The majority misconstrues the issue of this case by stating: "Since Hesse was never entitled to appointed counsel in the first instance, the issue therefore becomes whether the trial court's appointment followed by its sudden revocation of Hesse's counsel prejudiced Hesse's case." Maj. op., p. 951, 719 P.2d p. 1211. That is not the issue before us. The issue presented is whether Hesse was denied due process of law when the district court deprived him of counsel without giving Hesse advance notice that it was considering such action, and without giving Hesse an opportunity to respond to the motion--a motion which the prosecutor impermissibly submitted to the court ex parte.

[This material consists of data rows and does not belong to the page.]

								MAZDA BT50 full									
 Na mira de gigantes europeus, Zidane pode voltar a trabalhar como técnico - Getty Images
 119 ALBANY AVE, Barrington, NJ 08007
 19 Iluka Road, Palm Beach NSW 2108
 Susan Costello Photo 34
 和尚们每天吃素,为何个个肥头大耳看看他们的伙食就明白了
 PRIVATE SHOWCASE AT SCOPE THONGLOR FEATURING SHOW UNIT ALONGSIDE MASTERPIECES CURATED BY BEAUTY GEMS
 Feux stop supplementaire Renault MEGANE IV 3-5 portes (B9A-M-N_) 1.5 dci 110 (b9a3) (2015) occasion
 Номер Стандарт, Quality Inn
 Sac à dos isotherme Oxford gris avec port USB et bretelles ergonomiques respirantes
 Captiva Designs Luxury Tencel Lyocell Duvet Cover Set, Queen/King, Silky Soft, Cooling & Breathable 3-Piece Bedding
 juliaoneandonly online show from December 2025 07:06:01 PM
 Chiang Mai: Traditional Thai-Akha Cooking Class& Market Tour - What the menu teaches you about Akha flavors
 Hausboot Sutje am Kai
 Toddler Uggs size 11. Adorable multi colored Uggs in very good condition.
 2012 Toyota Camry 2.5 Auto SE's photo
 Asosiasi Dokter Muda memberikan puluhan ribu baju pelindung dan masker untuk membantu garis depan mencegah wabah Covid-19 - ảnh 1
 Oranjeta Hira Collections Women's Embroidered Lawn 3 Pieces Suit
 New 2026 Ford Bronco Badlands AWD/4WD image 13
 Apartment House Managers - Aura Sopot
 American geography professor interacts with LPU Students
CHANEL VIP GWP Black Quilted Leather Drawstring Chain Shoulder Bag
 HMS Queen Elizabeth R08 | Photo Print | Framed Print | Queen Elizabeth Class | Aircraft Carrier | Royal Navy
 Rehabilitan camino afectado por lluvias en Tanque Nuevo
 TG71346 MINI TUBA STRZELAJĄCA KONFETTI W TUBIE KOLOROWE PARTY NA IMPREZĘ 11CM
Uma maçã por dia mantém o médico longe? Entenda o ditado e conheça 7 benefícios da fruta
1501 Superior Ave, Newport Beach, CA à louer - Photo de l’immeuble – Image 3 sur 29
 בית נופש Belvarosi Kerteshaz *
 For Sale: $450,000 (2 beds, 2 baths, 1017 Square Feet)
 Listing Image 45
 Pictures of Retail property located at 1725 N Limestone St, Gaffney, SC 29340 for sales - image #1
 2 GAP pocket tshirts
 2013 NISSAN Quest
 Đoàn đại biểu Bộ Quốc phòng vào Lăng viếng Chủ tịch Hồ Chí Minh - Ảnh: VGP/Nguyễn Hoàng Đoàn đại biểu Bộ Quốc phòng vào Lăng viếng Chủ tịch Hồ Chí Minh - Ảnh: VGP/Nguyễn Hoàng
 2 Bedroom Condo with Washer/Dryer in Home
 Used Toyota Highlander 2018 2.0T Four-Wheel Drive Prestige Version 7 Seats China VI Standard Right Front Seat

The facts of this case as set forth in the majority opinion are in need of substantial clarification. On May 23, 1984, the district court stated that this was a "proper case" for appointment of an attorney, and did so. The court also ordered that Hesse would reimburse the state at the rate of $25.00 per month to defray the costs of the appointed attorney.

Disenchanted by the court's order to provide Hesse with an attorney, on May 25, 1980, the state moved the court to reconsider and quash the order. The motion was not noticed up for a hearing and was not served upon Hesse's attorney or Hesse. Furthermore, no hearing was ever held. 1

On May 30, 1984, the court entered an order granting a motion by Hesse's counsel to continue the trial. On the same day, the court, by telephone message, advised Hesse's counsel that his appointment had been revoked. In turn, Hesse's counsel notified Hesse by telephone that he no longer represented Hesse. No written order quashing the appointment of Hesse's counsel was ever delivered to Hesse or Hesse's attorney. Given the facts...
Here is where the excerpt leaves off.